It was humbling, this book can teach anyone how to live life without the fear of death, or how to live life knowing full well we're gonna die soon.
My favorite part of this book
- "Well, how can you do that if you’re detached?“Ah. You’re thinking, Mitch. But detachment doesn’t mean you don’t let the experience penetrate you. On the contrary, you let it penetrate you fully. That’s how you are able to leave it... If I hold back on the emotions – if you don’t allow yourself to go all the way through them – you can never get to being detached; you’re too busy being afraid. You’re afraid of the pain, you’re afraid of the grief. You’re afraid of the vulnerability that loving entails. But by throwing yourself into these emotions, by allowing yourself to dive in, all the way, over your head even, you experience them fully and completely. You know what pain is. You know what love is. You know what grief is. And only then can you say, “all right. I have experienced that emotion. I recognize that emotion. Now I need to detach from that emotion for a moment.”
- we feel lonely, sometimes to the point of tears, but we don’t let those tears come because we are not supposed to cry. Or how we feel a surge of love for a partner but we don’t say anything because we’re frozen with the fear of what those words might do to the relationship
- "i've learned this much about marriage. You get tested. You find out who you are, who the other person is, and how you accommodate or don't.
Is there some kind of rule to know if a marriage is going to work?
Things are not simple, Mitch. Still, he said. 'There are a few rules i know to be true about love and marriage:
If you don't respect the other person, you're gonna have a lot of trouble.

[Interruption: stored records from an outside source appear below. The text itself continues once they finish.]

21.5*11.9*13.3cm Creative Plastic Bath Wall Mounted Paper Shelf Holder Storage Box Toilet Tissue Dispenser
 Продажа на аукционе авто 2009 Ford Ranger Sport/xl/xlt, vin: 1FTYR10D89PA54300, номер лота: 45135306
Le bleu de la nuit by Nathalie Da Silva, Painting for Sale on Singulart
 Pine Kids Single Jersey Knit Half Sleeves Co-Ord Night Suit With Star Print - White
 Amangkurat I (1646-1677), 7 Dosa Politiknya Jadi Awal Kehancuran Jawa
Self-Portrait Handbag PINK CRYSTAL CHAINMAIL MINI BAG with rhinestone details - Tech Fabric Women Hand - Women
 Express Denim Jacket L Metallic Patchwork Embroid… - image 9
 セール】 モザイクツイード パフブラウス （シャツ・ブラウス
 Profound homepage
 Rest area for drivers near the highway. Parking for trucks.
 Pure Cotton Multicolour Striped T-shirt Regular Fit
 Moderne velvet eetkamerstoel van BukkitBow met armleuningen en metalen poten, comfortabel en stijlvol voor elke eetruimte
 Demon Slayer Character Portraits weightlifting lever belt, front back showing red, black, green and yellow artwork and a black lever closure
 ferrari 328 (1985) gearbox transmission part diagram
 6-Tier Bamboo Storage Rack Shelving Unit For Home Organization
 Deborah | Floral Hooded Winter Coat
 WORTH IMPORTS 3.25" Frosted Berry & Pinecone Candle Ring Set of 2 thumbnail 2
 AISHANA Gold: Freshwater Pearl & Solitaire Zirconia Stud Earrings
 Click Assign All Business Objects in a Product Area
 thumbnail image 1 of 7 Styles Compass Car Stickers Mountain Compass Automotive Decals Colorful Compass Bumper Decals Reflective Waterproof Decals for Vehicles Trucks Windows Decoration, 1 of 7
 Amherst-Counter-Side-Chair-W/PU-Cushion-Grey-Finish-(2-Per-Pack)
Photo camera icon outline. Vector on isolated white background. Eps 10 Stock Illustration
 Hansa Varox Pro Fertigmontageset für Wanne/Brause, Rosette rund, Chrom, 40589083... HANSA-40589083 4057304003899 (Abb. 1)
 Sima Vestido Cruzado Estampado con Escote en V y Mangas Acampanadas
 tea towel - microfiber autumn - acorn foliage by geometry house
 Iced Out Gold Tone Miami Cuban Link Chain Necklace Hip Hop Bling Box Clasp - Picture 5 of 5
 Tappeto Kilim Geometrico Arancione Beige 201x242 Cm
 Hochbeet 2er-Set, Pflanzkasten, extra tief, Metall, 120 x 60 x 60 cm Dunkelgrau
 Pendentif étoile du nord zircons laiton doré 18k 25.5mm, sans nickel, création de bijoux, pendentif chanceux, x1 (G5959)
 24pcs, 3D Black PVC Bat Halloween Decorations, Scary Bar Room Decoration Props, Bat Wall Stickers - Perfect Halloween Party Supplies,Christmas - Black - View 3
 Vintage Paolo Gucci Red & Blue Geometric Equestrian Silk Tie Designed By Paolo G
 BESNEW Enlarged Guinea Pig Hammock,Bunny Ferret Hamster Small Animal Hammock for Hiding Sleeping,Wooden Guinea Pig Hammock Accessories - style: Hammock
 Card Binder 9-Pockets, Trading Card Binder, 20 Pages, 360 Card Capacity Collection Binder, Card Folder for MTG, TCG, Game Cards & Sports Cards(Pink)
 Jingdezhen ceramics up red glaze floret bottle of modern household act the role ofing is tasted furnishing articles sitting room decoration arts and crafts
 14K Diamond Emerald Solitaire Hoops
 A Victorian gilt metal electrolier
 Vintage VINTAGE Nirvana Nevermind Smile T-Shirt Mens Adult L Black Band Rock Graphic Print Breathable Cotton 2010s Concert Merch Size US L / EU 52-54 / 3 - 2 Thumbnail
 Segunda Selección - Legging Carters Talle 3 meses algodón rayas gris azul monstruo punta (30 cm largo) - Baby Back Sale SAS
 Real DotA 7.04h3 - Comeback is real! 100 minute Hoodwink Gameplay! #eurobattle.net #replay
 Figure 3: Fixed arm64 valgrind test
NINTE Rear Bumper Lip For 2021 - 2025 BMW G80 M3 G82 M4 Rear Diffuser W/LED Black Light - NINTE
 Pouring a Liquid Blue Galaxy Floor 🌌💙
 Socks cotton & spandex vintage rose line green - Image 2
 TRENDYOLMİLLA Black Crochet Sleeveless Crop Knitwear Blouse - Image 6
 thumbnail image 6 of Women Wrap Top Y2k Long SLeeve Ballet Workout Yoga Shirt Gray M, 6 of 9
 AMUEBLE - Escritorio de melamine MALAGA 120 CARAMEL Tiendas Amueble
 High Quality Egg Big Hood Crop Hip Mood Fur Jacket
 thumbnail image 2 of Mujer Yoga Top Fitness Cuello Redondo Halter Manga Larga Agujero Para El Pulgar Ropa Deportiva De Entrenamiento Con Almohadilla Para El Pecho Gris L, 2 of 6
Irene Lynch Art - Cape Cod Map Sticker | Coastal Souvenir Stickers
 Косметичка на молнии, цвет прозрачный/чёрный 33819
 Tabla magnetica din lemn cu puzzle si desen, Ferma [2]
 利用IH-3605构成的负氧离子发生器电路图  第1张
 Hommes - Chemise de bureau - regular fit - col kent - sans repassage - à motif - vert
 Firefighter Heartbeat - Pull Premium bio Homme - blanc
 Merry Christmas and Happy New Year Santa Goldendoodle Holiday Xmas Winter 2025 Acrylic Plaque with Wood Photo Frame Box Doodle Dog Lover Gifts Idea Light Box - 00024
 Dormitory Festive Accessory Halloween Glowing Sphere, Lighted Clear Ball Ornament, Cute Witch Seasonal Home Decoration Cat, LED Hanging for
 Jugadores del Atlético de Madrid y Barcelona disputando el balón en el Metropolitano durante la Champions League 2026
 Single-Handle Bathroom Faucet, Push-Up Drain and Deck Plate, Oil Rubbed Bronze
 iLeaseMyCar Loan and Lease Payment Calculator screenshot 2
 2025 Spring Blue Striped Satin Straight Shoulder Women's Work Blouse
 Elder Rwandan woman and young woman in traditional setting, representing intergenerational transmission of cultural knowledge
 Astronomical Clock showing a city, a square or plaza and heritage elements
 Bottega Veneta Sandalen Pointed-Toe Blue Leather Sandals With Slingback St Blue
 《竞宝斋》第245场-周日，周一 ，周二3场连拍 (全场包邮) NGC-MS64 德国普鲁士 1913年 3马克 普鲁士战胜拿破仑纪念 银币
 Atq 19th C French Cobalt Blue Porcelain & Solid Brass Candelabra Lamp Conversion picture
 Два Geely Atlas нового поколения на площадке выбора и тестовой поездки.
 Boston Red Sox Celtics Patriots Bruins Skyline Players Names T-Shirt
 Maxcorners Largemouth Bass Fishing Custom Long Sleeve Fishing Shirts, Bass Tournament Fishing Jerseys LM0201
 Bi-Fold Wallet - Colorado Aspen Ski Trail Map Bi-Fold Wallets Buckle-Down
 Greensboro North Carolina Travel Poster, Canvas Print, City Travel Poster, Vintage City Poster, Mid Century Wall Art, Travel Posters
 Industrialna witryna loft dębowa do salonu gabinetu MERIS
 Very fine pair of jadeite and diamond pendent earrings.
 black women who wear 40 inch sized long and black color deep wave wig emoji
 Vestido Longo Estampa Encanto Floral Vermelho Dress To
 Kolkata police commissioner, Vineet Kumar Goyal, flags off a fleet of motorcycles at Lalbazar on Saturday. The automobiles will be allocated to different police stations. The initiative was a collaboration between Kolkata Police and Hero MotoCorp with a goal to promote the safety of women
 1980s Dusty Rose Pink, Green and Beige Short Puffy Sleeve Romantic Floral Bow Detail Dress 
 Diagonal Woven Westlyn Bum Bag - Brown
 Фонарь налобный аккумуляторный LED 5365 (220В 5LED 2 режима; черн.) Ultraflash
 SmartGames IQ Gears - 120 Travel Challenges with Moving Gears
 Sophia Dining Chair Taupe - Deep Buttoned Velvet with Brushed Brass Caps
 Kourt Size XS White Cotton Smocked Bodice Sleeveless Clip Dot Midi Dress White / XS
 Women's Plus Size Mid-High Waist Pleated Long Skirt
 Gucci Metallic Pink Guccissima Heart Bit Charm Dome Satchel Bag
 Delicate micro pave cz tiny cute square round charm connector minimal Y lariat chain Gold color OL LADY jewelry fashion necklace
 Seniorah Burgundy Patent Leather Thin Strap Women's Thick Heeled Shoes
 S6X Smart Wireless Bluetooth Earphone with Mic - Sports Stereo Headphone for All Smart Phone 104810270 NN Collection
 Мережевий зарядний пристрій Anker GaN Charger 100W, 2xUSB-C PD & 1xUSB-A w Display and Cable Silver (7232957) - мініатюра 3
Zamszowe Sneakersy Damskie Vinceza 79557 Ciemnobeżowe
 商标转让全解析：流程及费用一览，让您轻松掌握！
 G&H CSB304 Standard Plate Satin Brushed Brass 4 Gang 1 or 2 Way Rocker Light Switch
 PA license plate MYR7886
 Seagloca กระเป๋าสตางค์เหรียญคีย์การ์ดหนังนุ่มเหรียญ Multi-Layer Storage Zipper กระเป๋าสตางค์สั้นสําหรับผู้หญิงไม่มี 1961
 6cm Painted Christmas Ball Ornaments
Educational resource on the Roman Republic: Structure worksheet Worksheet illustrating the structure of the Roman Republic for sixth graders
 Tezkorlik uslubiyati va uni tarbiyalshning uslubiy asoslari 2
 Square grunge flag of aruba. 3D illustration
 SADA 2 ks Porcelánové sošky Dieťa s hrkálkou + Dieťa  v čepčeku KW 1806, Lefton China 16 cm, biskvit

If you don't know how to compromise, you're gonna have a lot of trouble.
If you can't talk openly about what goes on between you, you're gonna have a lot of trouble.
And if you don't have a common set of values in life, you're gonna have a lot of trouble. Your values must be alike.
And the biggest one of those value.... your belief in the importance of your marriage"
1 comment:
compromise, forgive and forget is the best recipe for any relationship!